Mas sem pressão, dificilmente se avança. E isto “não tem a ver com as estrelas Michelin, tem a ver com o processo”. Sempre quis receber uma estrela, confessa, era a exaltação da técnica, do produto, do rigor. “Mas nunca fiz disso uma batalha. Fiz o meu caminho e cheguei lá naturalmente.” Este ano, trará uma “mudança de paradigma” que se traduzirá numa “maior liberdade”. “Há um reaprender do que isto pode significar. Para mim, o objectivo é fazer mais e melhor... O meu foco não está em ganhar a segunda estrela, mas se ganhar tenho que pensar. Vai mexer na sustentabilidade do Feitoria. Há uma expectativa diferente e temos que ir ao seu encontro”. Já quando venceu a primeira disse aos seus cozinheiros: “Tem que haver qualquer coisa mais, não é ficarmos por aqui e deixarmos andar.”

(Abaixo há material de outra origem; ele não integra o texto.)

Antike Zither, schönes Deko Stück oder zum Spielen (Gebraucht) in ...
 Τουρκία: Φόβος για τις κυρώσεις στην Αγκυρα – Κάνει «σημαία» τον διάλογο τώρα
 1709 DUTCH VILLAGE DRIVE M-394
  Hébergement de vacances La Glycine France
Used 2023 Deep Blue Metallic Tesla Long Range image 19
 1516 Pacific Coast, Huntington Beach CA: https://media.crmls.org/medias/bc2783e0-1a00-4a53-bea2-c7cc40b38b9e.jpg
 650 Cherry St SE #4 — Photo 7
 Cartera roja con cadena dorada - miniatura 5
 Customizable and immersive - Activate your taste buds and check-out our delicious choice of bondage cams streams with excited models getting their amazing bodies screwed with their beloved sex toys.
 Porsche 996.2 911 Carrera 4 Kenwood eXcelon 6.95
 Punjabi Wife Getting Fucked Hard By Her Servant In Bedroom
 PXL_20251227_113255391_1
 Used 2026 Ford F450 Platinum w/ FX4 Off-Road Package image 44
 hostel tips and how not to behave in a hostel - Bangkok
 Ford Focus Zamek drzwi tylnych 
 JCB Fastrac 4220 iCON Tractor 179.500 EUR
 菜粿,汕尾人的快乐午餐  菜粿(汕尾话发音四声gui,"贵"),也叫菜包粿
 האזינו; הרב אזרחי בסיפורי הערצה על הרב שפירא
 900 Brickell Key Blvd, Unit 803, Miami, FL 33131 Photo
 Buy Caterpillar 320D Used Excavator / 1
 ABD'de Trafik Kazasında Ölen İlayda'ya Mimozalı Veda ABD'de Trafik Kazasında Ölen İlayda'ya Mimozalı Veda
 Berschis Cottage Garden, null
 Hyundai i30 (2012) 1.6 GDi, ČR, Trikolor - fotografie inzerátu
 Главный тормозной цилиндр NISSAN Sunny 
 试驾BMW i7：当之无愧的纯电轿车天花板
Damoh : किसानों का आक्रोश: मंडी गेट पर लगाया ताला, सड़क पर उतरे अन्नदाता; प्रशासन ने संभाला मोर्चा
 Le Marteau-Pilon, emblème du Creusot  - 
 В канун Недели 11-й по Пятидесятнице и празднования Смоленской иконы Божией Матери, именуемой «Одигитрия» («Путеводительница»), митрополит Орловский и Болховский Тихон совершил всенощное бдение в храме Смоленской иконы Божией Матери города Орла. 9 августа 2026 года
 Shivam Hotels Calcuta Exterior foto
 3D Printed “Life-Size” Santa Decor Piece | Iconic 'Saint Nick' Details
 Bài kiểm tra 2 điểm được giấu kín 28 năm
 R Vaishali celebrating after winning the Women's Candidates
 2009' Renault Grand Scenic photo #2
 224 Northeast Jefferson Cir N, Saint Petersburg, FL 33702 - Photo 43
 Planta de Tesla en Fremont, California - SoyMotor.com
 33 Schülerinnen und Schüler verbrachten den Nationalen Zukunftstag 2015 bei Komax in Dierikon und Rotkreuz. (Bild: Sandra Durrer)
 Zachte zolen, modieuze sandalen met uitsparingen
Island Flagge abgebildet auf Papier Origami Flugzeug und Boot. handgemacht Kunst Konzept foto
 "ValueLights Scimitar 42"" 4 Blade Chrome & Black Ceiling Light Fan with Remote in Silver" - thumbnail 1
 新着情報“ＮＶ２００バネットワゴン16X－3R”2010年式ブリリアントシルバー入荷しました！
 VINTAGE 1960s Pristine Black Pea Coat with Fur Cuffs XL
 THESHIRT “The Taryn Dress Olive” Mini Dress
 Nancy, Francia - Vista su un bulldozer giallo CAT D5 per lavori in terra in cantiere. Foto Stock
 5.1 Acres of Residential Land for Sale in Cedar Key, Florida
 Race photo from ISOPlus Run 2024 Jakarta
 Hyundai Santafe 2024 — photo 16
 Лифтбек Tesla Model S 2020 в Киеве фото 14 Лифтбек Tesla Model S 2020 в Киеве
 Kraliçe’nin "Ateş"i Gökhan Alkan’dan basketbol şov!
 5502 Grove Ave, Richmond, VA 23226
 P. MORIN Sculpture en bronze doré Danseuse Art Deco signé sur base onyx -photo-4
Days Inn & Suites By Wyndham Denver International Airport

Não há estrelas sem investimento
“Toda a gente diz que não trabalha para as estrelas e muitos dizem que não querem estrelas. Eu não trabalho para as estrelas mas quero”, comenta José Avillez, que no ano passado recebeu a segunda estrela no Belcanto, em Lisboa. “Divirto-me muito mais no caminho que na chegada.” Houve um esforço que foi premiado e que passou por “diminuir a margem de erro brutalmente: na melhoria das cozeduras, nos temperos, no controlo de produto”. “Criámos um sistema em que eu diria que numa noite que corra muito mal, não há nenhum cliente que note que correu mal.”
De qualquer forma, nunca se cozinha para o Guia. “Cozinhar para aquele cliente ou aquele inspector não dá. Tenho que cozinhar para toda a gente como se fosse a pessoa mais importante do mundo.”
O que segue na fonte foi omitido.